1941 Tintara Pot Still Brandy
Given that I had 60kms to drive home through Kangaroo infested roads I managed to stop at one sip. All oak and spice with a vanillin edge. Lovely pure spirit.

Love that Ondenc. Kidding, never heard of it.
Couldn’t you get the brandy to go in a sippy cup for the next day?
Great notes, thanks. I have bad luck buying older Australian wines, great luck aging them myself.

(Edited to add: when one is driving, an end-of-the-evening higher alcohol magnificent wine is like Satan, in a really bad way. There’s nothing like a big glass of such a wine when either driving is not an issue, or when one hasn’t had any other alcohol so driving is OK. Driving is the only reason I buy very little of higher-alcohol wines I would otherwise really, really love).

Yes, I remeber the good old days when I ws at Uni and working in a hotel restaurant frequented by the business crowd at lunchtime. Just about everyone had a couple of ports or brandies at the conclusion of the meal (after a fair quota of red wine) and then ‘merrily’ drove back to work, well over the limit, but there ws precious little enforcement in those days.

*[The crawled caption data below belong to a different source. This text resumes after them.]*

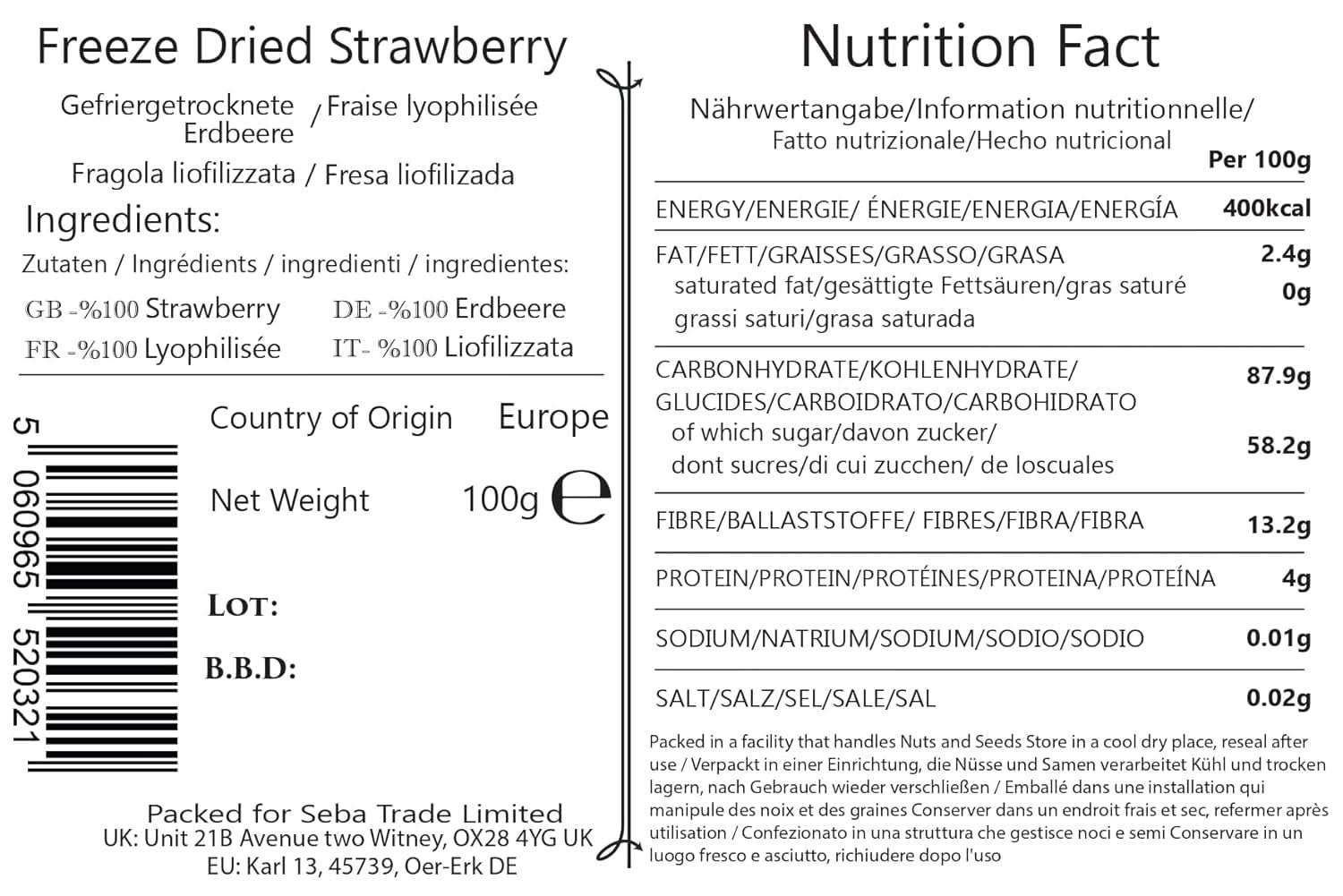 Seba Garden Premium, lahodné sušené středomořské jahody, neGMO a veganské sušené produkty Naty Shop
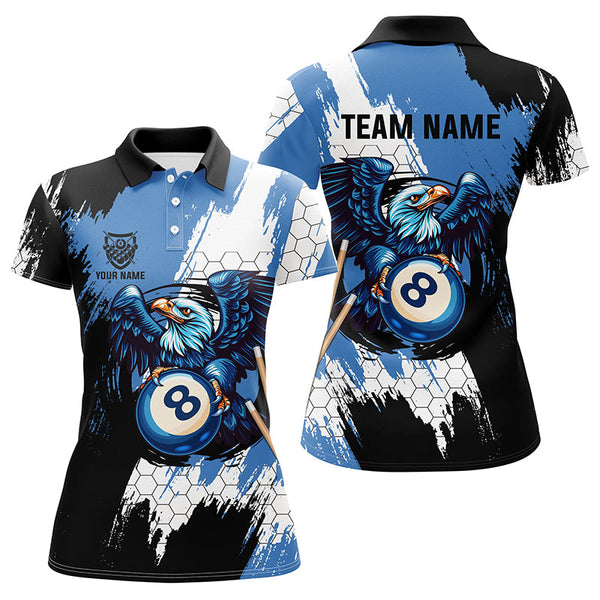 Maxcorners Personalized Black Blue Eagle 8 Ball Billiard 3D Shirts For Men Custom 8 Ball Pool Team Jersey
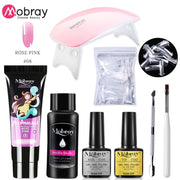 Mobray Poly Nail Gel Set 6W LED Lamp Full Manicure Set Quick Extension Nail Kit Gel Building Poly UV Gels Set For Nails Tool Kit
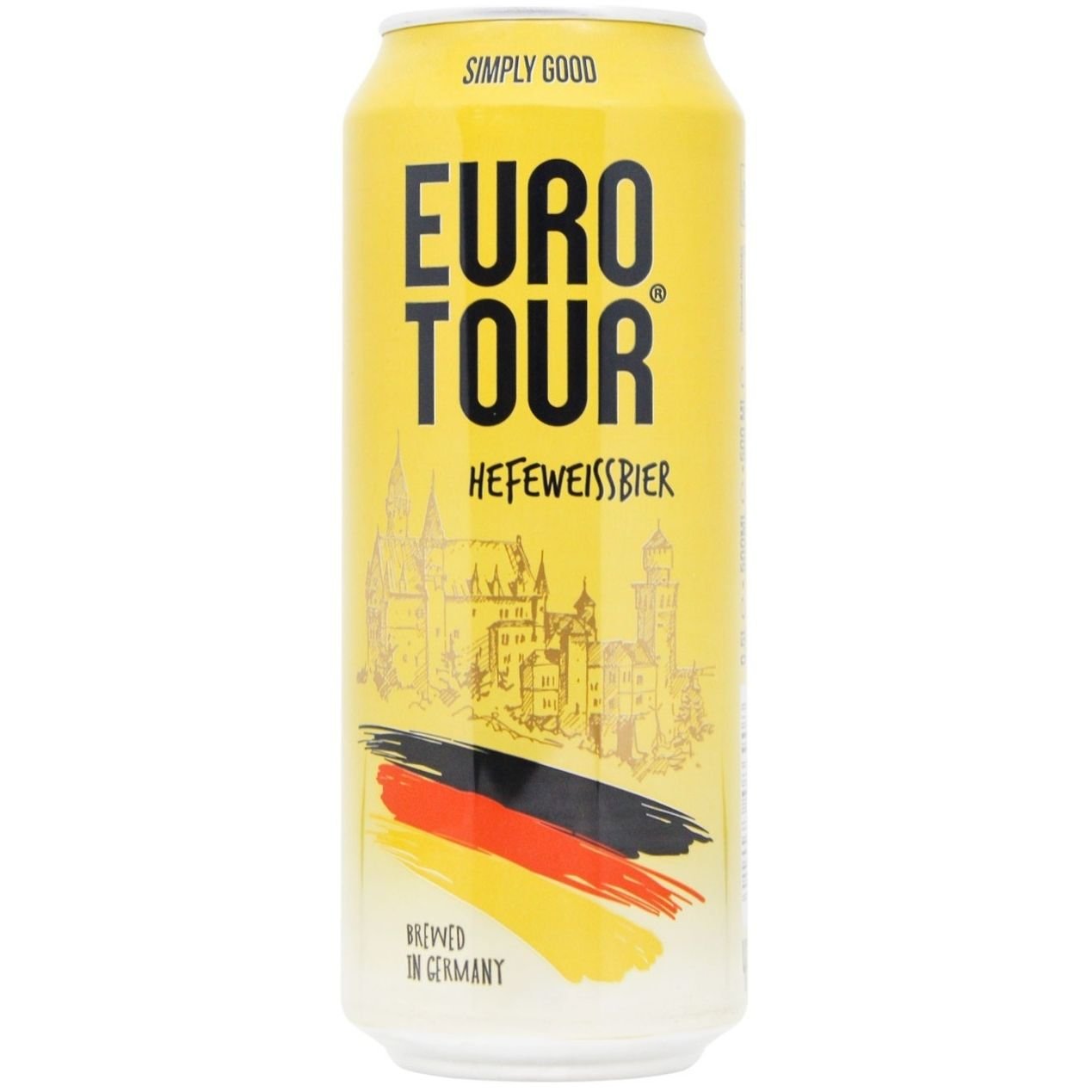 Пиво Eurotour Hefeweissbier, светлое, нефильтрованное, 5%, ж/б, 0,5 л - фото 1
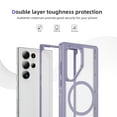 thumbnail image 3 of for Samsung Galaxy S23 Ultra Case,[Built-in Invisible Kickstand],Compatible with MagSafe,Military-Grade Drop Protection Double Layer Shockproof Slim Translucent Matte Phone Case,Lightpurple+Clear, 3 of 7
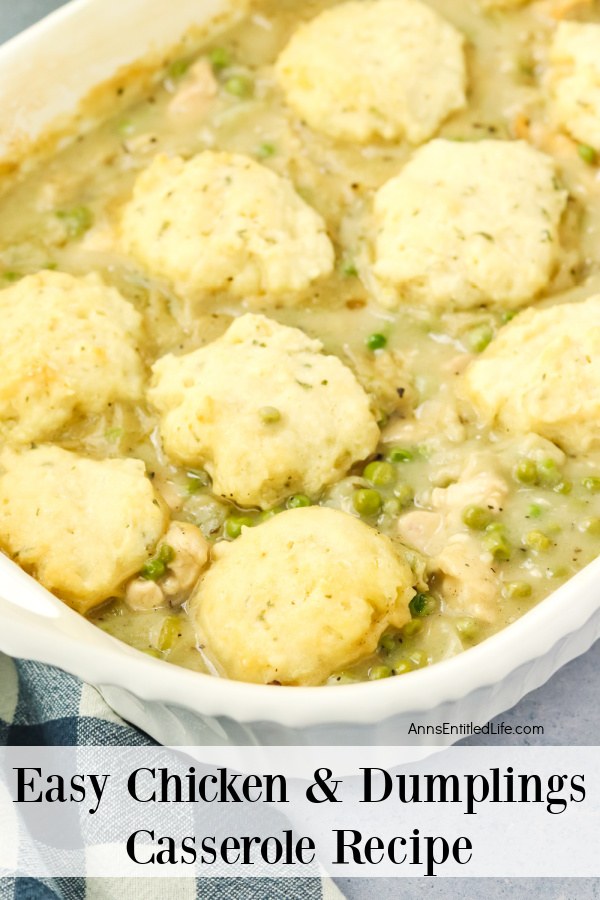 Up close view of a white 13x9 casserole dish filled with chicken and dumplings.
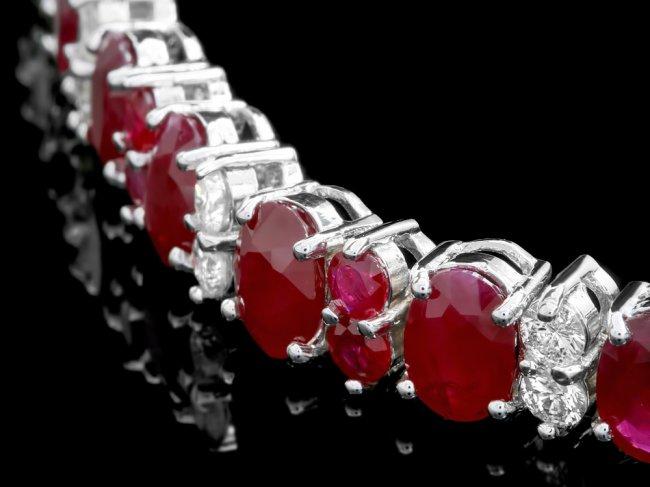 14k White Gold 28ct Ruby 2.40ct Diamond Bracelet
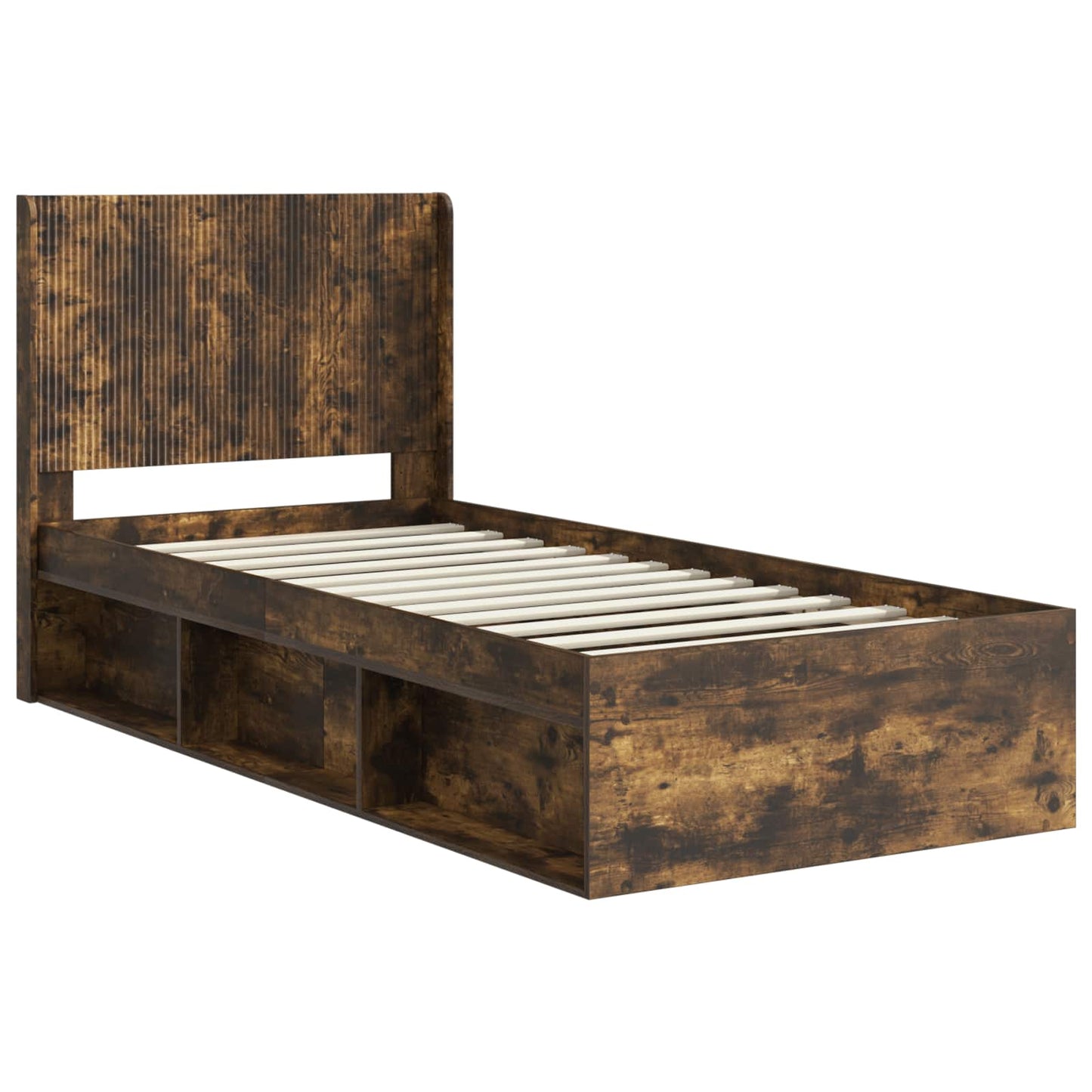 Bed Frame with Storage and Headboard Smoked Oak 90 x 200 cm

That “flat” 1994 Seppelt sounds terrific. My limited experience with sparkling Shiraz is, they are very different from each other, some are not that great, ROckford Black if not leaky would be grat if one could find it in US.

George,
Probably the benchmark over time is the Seppelt. The base wine that is used is generally the very best Great Western Shiraz and it spends plenty of time on lees.
I really think as a style they need cellaring, as do still reds to show their best.
BTW, vintage is '44 not '94, hence the lack of effervescence.

Hi Kent, great notes thanks. I have been drinking my Great Western Sparkling Burgundy way to early. I hope they have updated the drinking window on this? Is it still available - a RD?

We reckon that it was purchased c 1970 on a Roseworthy excursion to Great Western. According to Bruce he paid close to $20 for it back then which was Grange territory such was its reputation.

Great eclectic line-up Kent.

I have been fortunate enough to have drunk some wonderful bottles from the Lehmann cellar. Glad the '64 Pomerol showed well.

Cheers
Jeremy

Disclaimer: We catalogued Peter and Margaret Lehmann’s Cellar and I have been involved in selling some wine from it.

Kent sorry I knew it was 44 hit the wrong key

Was that the Colin Preece Seppelt? Very special wine and rare as hens teeth, very generous contribution.

Some great old school Aussie wines there.

Damn shame about the Semillon. Cracked a 1984 Lovedale not too long ago and it was stunning. Haunted me for days.

Dave,
It was in fact Colin Preece’s creation. Interesting snippet that most likely the wine would have been a blend of vintages, despite the labelling eg 44/45. Bruce mentioned that there was one wien released that was a blend of two vintages, eight years apart.

Mike,
I have been lucky to taste a few of the Lindemans 1970 Semillon that were memorable. Somehow Semillon does much better in the Hunter compared to other districts. It never really took showed much promise in coonawarra and the Barossa offerings are quite different and don’t last like the Hunter wines.

Sorry for the thread drift,

Mike if you are after some good wines that are cheap as chips and go for the long haul in the vein of Aussie Semillons try some of the Tahbilk Marsannes (probably get them in the US) I’ve got some back as 89 and they are still drinking well.

Crazy, that stuff is cheap. I guess I should put some away. Even in its youth, I think it’s a great value. Do you think it actually improves significantly, or just gets older? I know that is very subjective, but I’m curious.

For sure, like Semillon it picks up nice toasty characteristics after about 5-10 years then it moves to a slightly madierised style after about 15+ with like an older Vouvray sweetness. Here are my notes and pics

The 89 Tahbilk was a real surprise packet. It was very similar in style to an old German Riesling, orange and caramel with a hint of sweetness, amazing how this had developed from something that is not unlike Semillon when young.